One feature was talking over a minute to run and it was due to this list processing. All of the things inside it could be done with arrays. So I tried changing it. Converting to and from lists on either side of the system. I was hoping it would run in less than thirty seconds but it came in as fractions of a second.

I guess the moral is know your data types and how they are handled internally.

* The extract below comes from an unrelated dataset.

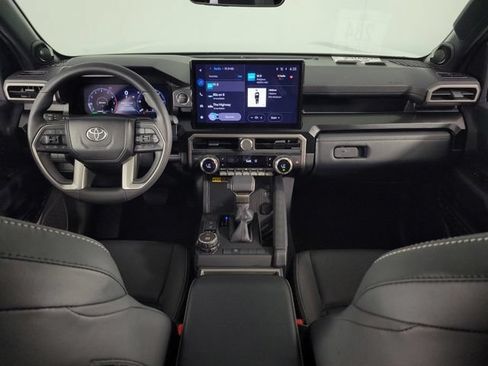 Used 2026 Toyota 4Runner Limited AWD/4WD image 27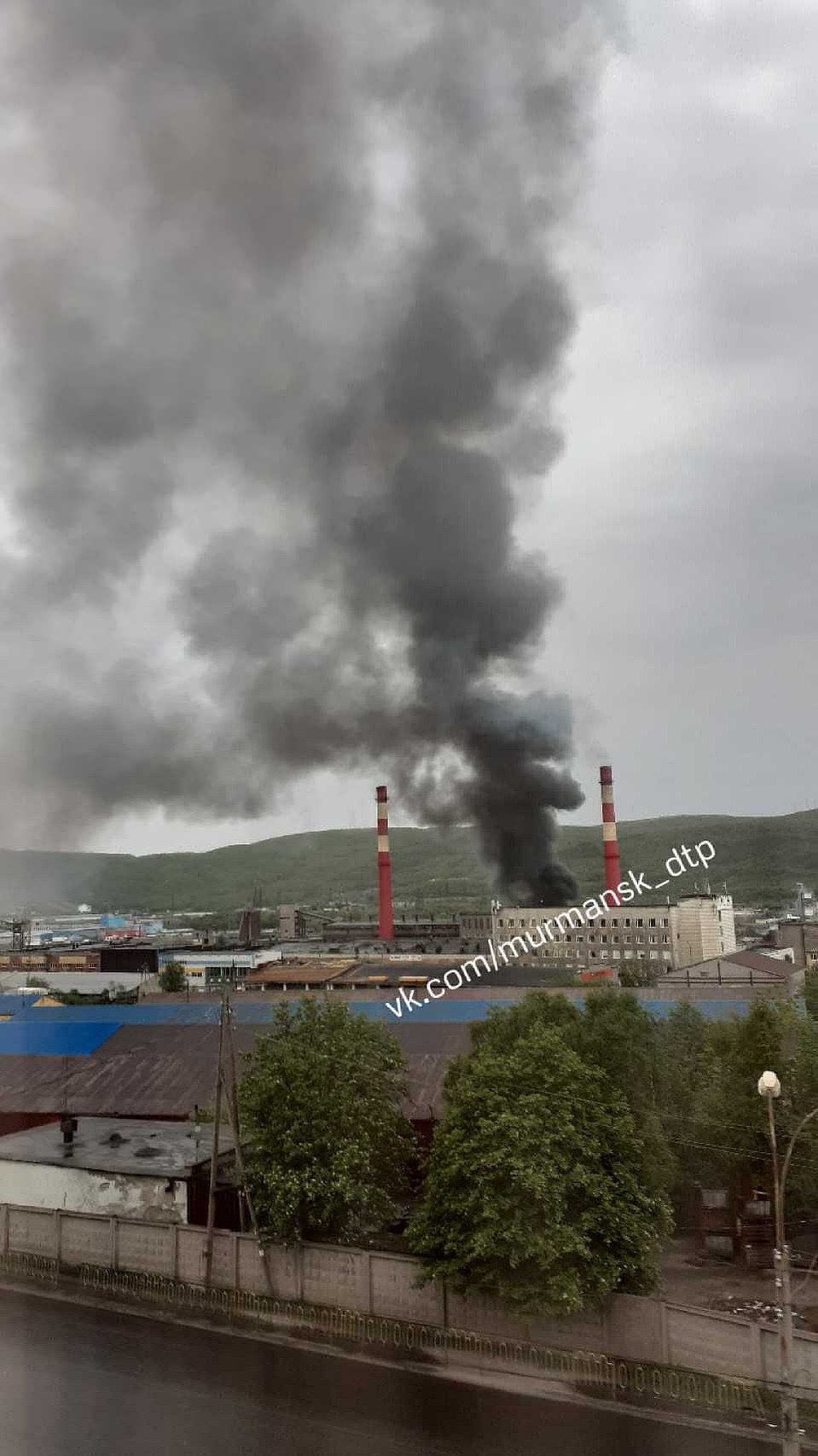 По сообщениям очевидцев, прозвучали несколько хлопок. Фото: vk.com/murmansk_dtp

ralphhightower profile image
Ralph Hightower


  • Loop optimization: moving invariant code out of loops. One instance was retrieving holidays from a database table.
  • Eliminate retrieving data twice. There were internally developed base class for retrieving a row, and rows from database tables. The class that retrieved rows, first retrieved rows from the table, using the rows returned and then retrieved the the rows individually again to create the list. Why do that all over again? You've already got the data.
sjmulder profile image
Sijmen J. Mulder • Edited
  • Use a profiler
  • Do less work
    • Simplify and cut out the cruft. Avoid unnecessary abstractions or steps.
    • Don't repeat work (e.g. duplicate database queries)
    • Don't ask more than needed (DB queries are again a good example)
    • Preprocess what you can, e.g. take work out of the hot loop and do it once it advance, create lookup tables, etc.
  • Make the work faster
    • Lay out your data in a way that's convenient for the processing (data-oriented programming). Array in, loop, array out tends to play well with how CPUs and memory work.
    • Avoid indirection. That's pointers, virtual methods, string matching, etc.
vishwassingh47 profile image
Vishwas Singh

When I joined my recent company, I was given the task to improve the performance of a Socket Server ( + Nodejs).
At that time we were only able to handle 2K concurrent users, after that our EC2 instance used to go down due to High CPU.

We were doing some API call whenever the users connects to the Socket Server. Doing lots of parallel API calls was resulting in High CPU as HTTP 3 way handshake is CPU intensive.

Then instead of making API calls we decided to do DB queries on the Socket Server only, eliminating the REST call.

Then we started queuing requests in a local IN Memory queue and were processing multiple users request in a Single DB Batch Query (one DB query per 500 requests).

Then we used Redis to horizontally scale these socket servers.

Now we are handling 35K concurrent users and have tested out Service to handle 100K concurrent connections per ec2 instance (1CPU x 2GB RAM).

siddharthshyniben profile image

This is oddly specific but for some reason Array.from is faster than a spread operator on strings in JavaScript.